There are many paths in baseball to the Hall of Fame. A man can be enshrined as a player, a manager, or an owner, among other things. Interestingly, though, candidates who both played and managed don’t have these achievements judged together. Were rules different, a few more men might have plaques.
Currently, a backlog exists of baseball figures who both played and managed well, but perhaps didn’t achieve enough in either arena to earn a plaque. My idea is a hybrid wing of the Hall of Fame, where men could be inducted on the strength of both their playing and managerial careers. It seems reasonable that a man be considered for the sum of his contributions to baseball. This could also help the Hall of Fame honor more managers, since just 25 have been enshrined.
Here are eight men who could be inducted this way:
Charlie Grimm: One of those names I once figured was already in Cooperstown– as a player or a manager. Grimm compiled 2,229 hits and a .290 lifetime batting average in 20 seasons and was a longtime first baseman for the Cubs. He became a player-manager for them near the end of his playing career and ultimately posted a managerial record of 1287-1067 with three National League pennants.

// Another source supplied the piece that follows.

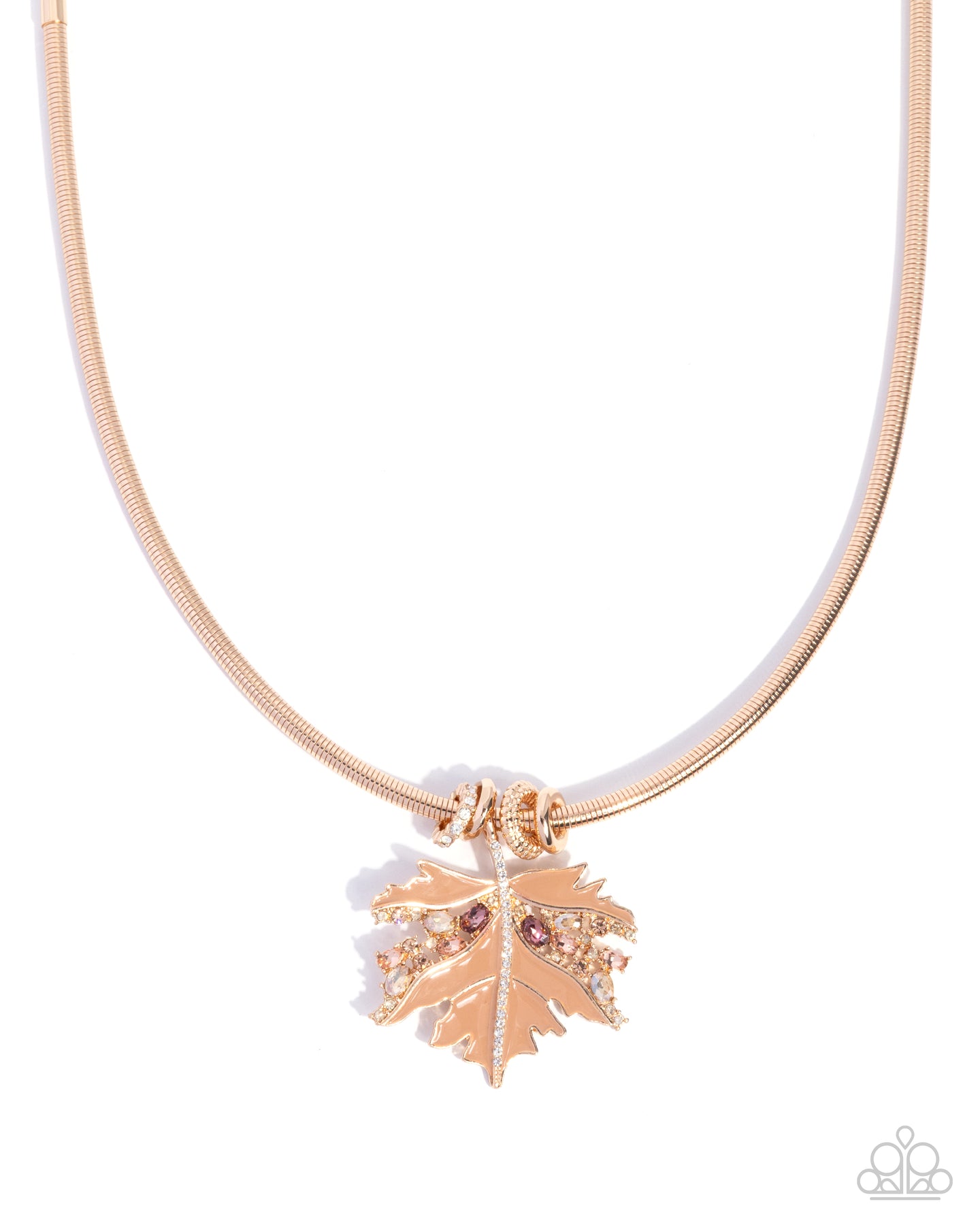 Lovely Leaf - Brown necklace A055
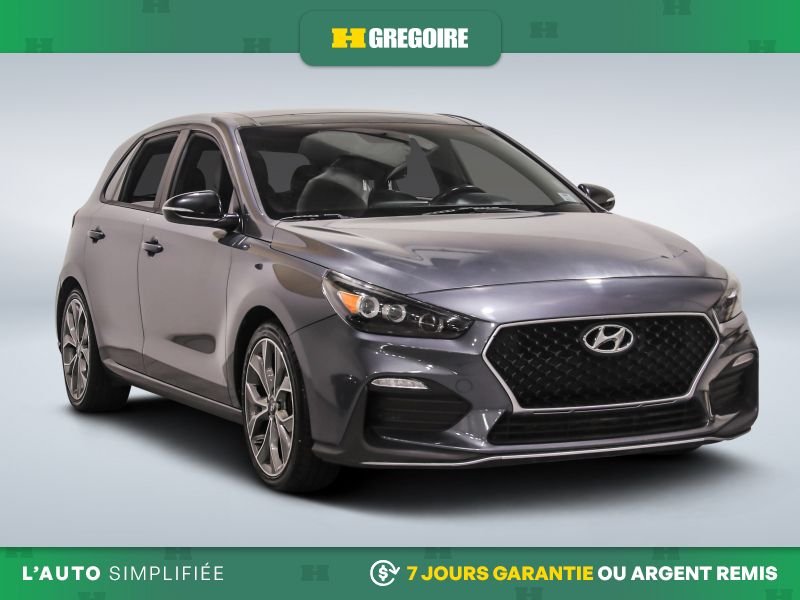 2020 Hyundai Elantra N Line AUTO A/C CUIR TOIT MAGS CAM RECUL BLEUTOOTH Grey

Steve O’Neill: O’Neill had a 17-year career as a catcher and then did his best work as a manager. In 14 years with four clubs, O’Neill was 1040-821 and led the Tigers to the 1945 World Series championship. An ad on O’Neill’s Baseball-Reference.com page says he and Joe McCarthy are the only two managers to never post a losing record.
Jimmy Dykes: Dykes went 1406-1541 managing six clubs and prior to this was a longtime player with 2,256 hits, a .280 lifetime batting average, and two All Star appearances, a memorable baseball character in either capacity.
Gil Hodges: Of the men listed here, the iconic Dodgers first baseman might come closest on playing merit alone, hitting 374 home runs, making eight All Star teams, and being one of the greatest defensive players at his position all-time. I’m including Hodges because when his Hall of Fame case is brought up, people tend to invariably mention him managing the 1969 World Series champion Mets. It’s what inspired this post.
Al Dark: Like Hodges, Dark won a World Series as both a player and a manager, hitting .293 with 20 home runs for the champion Giants in 1954 and leading the A’s to a title 20 years later. In all, Dark had 2,089 hits, a .289 lifetime average, and three All Star appearances as a player, and he went 994-954 as a manager.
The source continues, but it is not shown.